A little cautionary tale about mass migration and Chinese social media apps.

With days left to the election, Australian opposition candidates have been wooing a crucial group that turned its back on the conservative Liberal-National coalition in the last election: Chinese Australian voters.

And they are trying to reach them on platforms that their party once talked of banning over national security concerns: Chinese social media apps like WeChat and RedNote.

Nearly six in 10 Chinese Australians use WeChat at least once a day, according to a poll by Lowy Institute in 2022.

Despite making up just 5.5% of Australia’s population, Chinese Australians were said to be a crucial to the Labor party’s win in 2022, which broke nearly a decade of rule by the Liberal-National coalition.

Henry Luo, secretary of the Reid Business Community, says he has observed more “extensive targeting” of Chinese Australian voters in this campaign, including candidates displaying ad banners on popular WeChat accounts and collaborating with well-known Chinese celebrities or influencers.
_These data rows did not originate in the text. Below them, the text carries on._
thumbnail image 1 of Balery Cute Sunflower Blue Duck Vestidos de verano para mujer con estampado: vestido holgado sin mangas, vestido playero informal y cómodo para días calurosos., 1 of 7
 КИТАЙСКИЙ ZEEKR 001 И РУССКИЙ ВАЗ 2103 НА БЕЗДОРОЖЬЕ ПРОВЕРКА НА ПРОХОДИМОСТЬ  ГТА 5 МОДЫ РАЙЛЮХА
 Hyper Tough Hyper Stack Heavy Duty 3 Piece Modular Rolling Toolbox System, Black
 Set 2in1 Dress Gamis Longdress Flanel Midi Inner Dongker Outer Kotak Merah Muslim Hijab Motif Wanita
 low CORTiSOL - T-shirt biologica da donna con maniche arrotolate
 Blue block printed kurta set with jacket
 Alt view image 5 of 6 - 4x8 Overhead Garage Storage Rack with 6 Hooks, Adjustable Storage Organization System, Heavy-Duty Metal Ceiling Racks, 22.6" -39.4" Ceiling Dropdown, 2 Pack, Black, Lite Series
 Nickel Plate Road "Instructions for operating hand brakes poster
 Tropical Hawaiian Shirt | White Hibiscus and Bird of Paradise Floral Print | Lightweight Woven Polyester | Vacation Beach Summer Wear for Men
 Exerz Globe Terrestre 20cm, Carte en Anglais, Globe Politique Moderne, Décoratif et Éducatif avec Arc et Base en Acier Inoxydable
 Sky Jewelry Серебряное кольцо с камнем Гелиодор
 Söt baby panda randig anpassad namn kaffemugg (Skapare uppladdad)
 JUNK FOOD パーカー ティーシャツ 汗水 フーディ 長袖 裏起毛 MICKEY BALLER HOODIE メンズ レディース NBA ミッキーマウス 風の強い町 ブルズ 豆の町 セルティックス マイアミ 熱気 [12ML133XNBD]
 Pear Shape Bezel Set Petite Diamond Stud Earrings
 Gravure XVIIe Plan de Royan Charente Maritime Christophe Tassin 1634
WeChat is controlled by the Chinese Communist Party. RedNote is likewise under Party control.

That means the Chinese Communist Party will decide which party and which candidates are favored by the algorithms.

And it appears to mean that Beijing will decide the outcome of Australia’s elections.

We’ve already seen China intervene in Canada’s elections. The questions that nobody is meaningfully looking into is to what extent China controls at least some elections in California and New York?

And how long until China’s political footprint continues to grow as it wields TikTok to influence U.S. elections?